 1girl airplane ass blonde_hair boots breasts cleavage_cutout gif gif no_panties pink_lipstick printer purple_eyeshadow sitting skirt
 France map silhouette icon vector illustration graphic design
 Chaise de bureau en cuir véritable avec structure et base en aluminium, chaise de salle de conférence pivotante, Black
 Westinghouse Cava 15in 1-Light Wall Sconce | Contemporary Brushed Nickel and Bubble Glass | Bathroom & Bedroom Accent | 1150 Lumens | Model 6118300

--

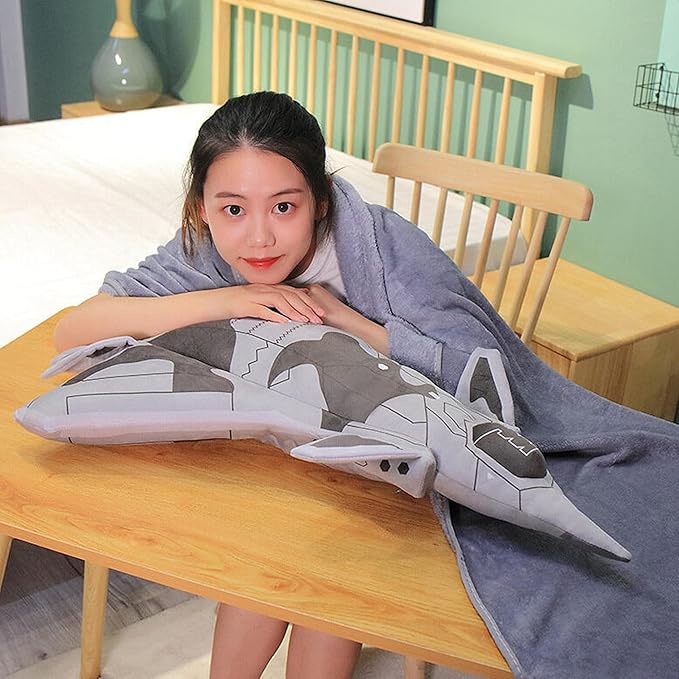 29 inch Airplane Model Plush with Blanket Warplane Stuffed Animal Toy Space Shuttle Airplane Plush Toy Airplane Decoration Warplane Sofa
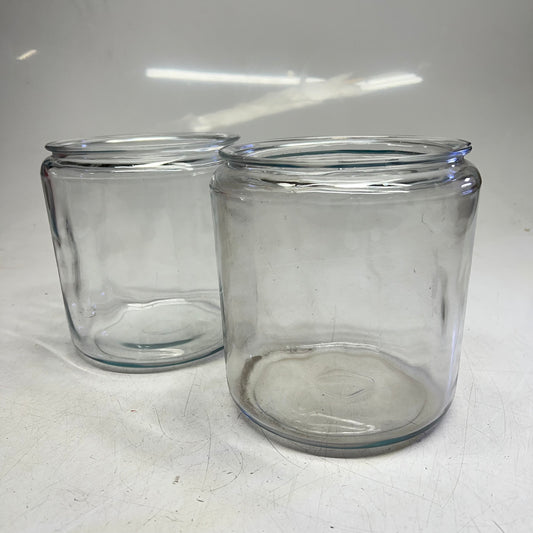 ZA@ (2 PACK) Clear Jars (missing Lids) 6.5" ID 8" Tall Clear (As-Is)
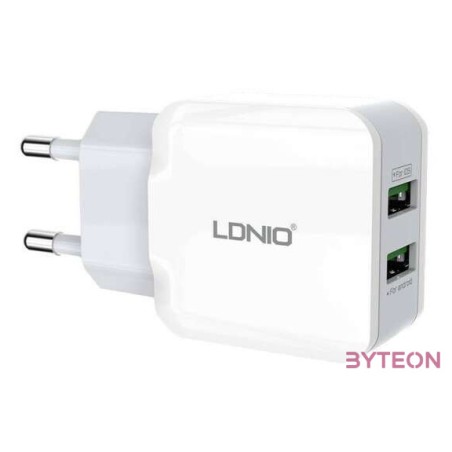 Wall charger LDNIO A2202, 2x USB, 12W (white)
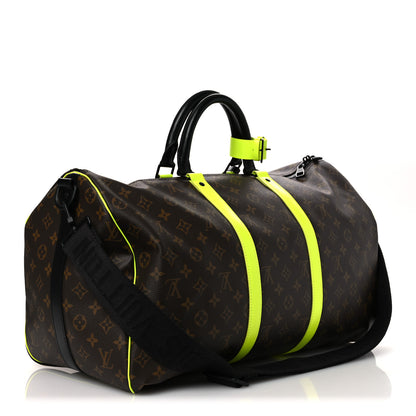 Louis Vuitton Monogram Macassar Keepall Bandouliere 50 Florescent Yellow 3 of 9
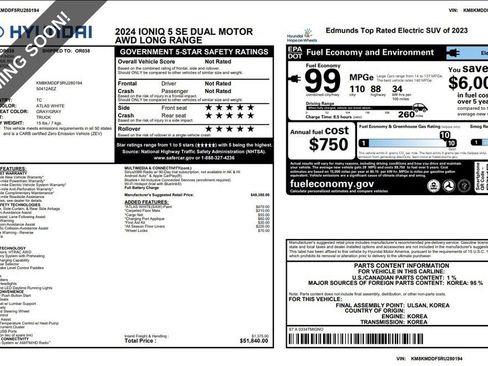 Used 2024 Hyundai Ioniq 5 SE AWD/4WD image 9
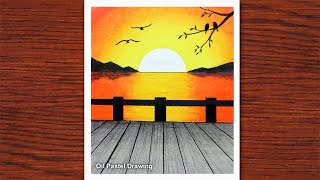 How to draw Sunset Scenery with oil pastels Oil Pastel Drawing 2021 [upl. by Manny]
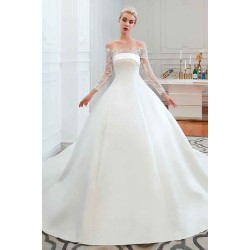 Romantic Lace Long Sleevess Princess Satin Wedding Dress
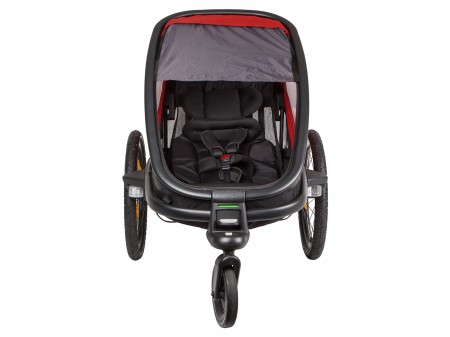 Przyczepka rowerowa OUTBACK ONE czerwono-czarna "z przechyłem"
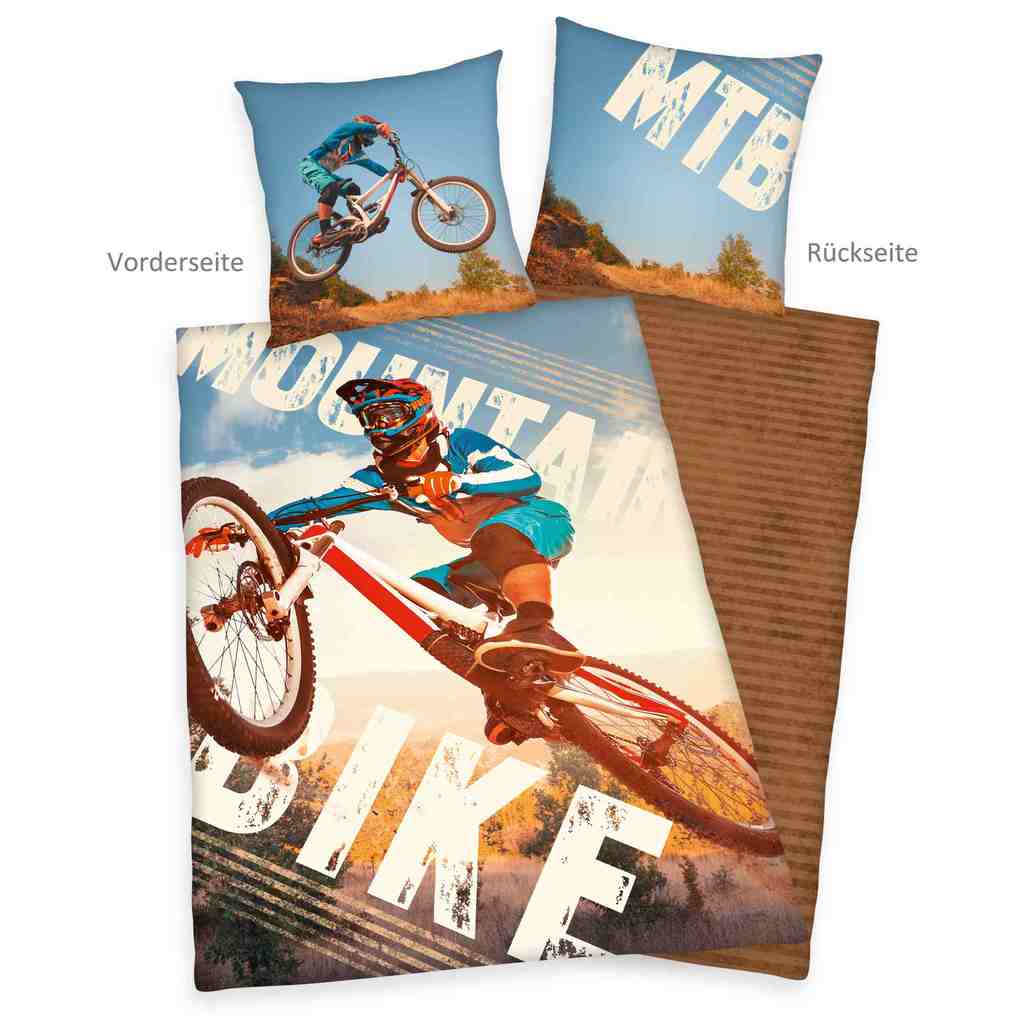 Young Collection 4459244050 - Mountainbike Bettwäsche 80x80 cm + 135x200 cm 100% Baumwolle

__TASK DETAILS__
Would you copy, unchanged, the stretch of the records above that begins at the line containing "Chaise de bureau" and ends at the line containing "Westinghouse Cava 15in", and only that?

__ANSWER TO THIS TASK__
 Chaise de bureau en cuir véritable avec structure et base en aluminium, chaise de salle de conférence pivotante, Black
 Westinghouse Cava 15in 1-Light Wall Sconce | Contemporary Brushed Nickel and Bubble Glass | Bathroom & Bedroom Accent | 1150 Lumens | Model 6118300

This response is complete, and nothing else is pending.